Hi had a folder which contains bunch of “.txt” files. Some files with (utf-8) format and some files with (utf-16) format. I need a Applescript to find out the (utf-8) fomat files and to convert it to (utf-16) format.
I got the below script from this forum. But it save as a new file and adding “_incov” to the file name. But I want to change the format in the original file itself.
set thefile to POSIX path of (choose file)
set newFileName to (do shell script "str=" & quoted form of thefile & ";echo ${str%.*}") & "_iconv.txt"
do shell script "xxd -p -r <<< xfeff > " & quoted form of newFileName
do shell script "iconv -f UTF-8 -t UTF-16BE " & space & quoted form of thefile & " >> " & quoted form of newFileName
UTF-8 is popular because it’s small and supports single byte characters (7-bits ASCII). Everything else UTF-16 is superior to UTF-8, like counting characters.
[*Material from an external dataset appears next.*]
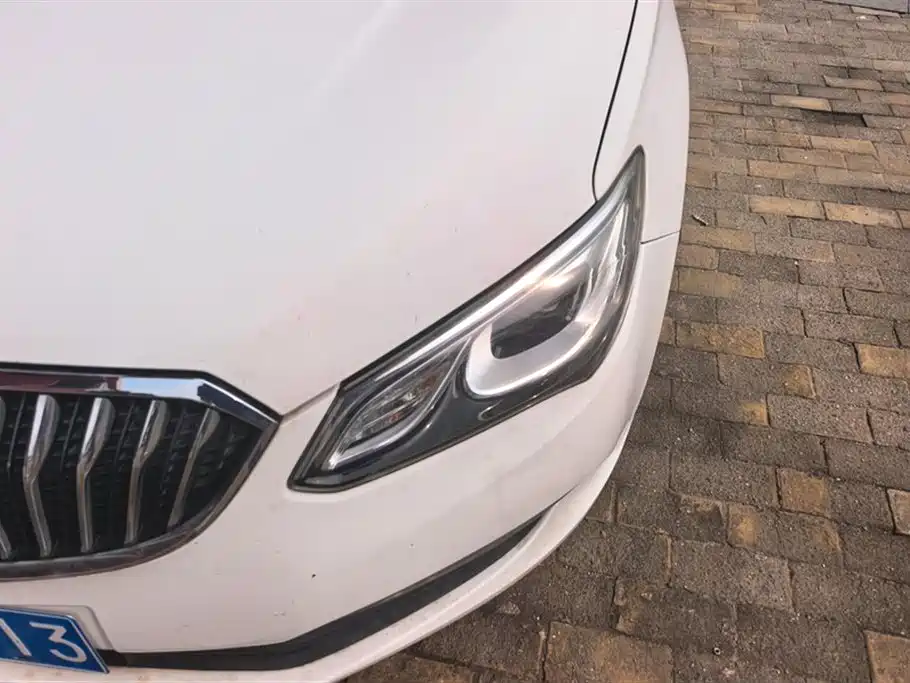 Buick Excelle 2016 — фото 5
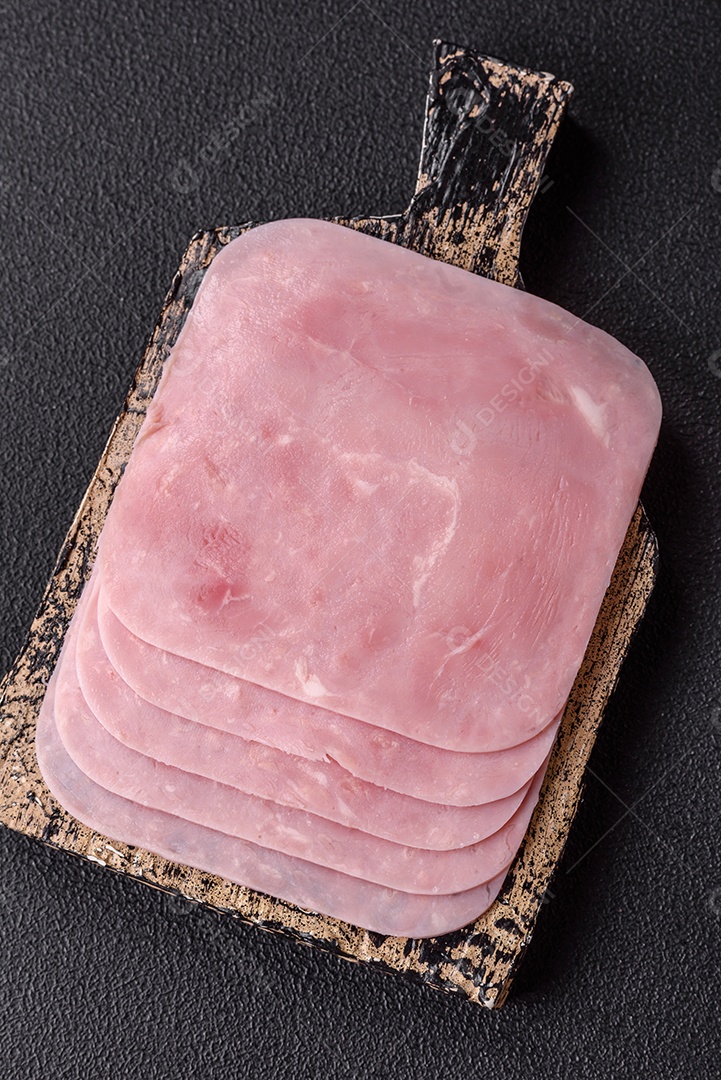 A imagem mostra fatias de presunto, que é um produto de charcutaria feito de carne de porco.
I’m not sure why the OP wants big-endian, but otherwise I’d suggest:
on open fileList
repeat with aFile in fileList
try
set theText to read aFile as «class utf8»
-- if we got here, it's UTF-8, so write it as UTF-16
write theText to aFile as Unicode text
on error
-- it's not UTF-8, so nothing to do
end try
end repeat
end open
use scripting additions
use framework "Foundation"
on open fileList
repeat with aFile in fileList
set thePath to POSIX path of aFile
set theNSString to (current application's NSString's stringWithContentsOfFile:thePath encoding:(current application's NSUTF8StringEncoding) |error|:(missing value))
if theNSString is not missing value then -- it was UTF-8
(theNSString's writeToFile:thePath atomically:true encoding:(current application's NSUTF16BigEndianStringEncoding) |error|:(missing value))
end if
end repeat
end open
The endianness of an file works best if it matches the processor’s endianness (read: no byte shifts are required for each character). So therefore I think the file is used for another architecture than his Mac.
edit: Fun Fact, the PPC architecture is one of the few processors architectures that supports different endian modi on the fly. Reading an UTF-16BE or UTF-16LE using PPC Macs should make no difference while on the Intel Macs it does make a difference.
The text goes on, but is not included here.